Jamshidi on Citizen Volunteers, Popular Sovereignty, and National Security

Maryam Jamshidi (NYU School of Law) has posted Privatization, Popular Sovereignty, and U.S. National Security on SSRN.  Here is the abstract:

Scholars have lamented the threat to liberal, democratic values posed by government outsourcing to for-profit companies and contractors. They have, however, largely ignored the implications for democracy where government work is delegated to private citizen volunteers. These “citizen privatizers” are volunteering in various parts of government, particularly in the national security sector, where they are reporting suspicious activities to local authorities, working with local and federal law enforcement to implement government policies in their communities, and serving as private attorneys general to enforce the government’s counter-terrorism objectives. This Article argues that these and other forms of citizen privatization potentially threaten democracy by undermining a value at the heart of the American form of government – popular sovereignty. Popular sovereignty, or the “will of the people,” is critical to ensuring that government remains answerable and accountable to its citizens.
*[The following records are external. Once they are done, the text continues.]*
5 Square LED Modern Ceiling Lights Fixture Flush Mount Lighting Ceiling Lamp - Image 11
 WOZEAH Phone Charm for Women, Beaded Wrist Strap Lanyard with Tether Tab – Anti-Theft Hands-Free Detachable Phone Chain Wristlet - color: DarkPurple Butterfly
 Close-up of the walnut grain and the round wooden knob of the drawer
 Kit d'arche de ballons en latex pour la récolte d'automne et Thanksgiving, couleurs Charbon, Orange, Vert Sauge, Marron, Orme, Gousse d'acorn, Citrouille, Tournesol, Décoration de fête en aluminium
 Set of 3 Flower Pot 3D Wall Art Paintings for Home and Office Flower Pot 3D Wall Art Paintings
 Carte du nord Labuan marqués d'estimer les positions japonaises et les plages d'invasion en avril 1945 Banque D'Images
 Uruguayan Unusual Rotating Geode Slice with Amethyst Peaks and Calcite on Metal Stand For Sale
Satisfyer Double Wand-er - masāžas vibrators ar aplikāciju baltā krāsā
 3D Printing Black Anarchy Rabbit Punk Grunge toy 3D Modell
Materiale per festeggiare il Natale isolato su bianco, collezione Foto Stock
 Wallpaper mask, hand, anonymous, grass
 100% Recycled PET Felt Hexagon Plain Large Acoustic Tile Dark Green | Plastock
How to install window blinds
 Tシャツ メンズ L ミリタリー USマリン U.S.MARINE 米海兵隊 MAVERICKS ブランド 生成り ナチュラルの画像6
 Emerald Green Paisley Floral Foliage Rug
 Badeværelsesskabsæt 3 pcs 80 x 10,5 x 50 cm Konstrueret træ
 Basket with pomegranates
It depends upon a vibrant civil society, public deliberation on matters of popular concern, and respect for dissent, all of which require a meaningful separation between the people and the state. In flattening that separation, citizen privatizers potentially threaten these three key elements of popular sovereignty. Focusing on the national security space, this Article present a new theory of privatization that demonstrates when and how citizen privatizers may threaten liberal democracy and when the public may be best served by suspending these privatization programs.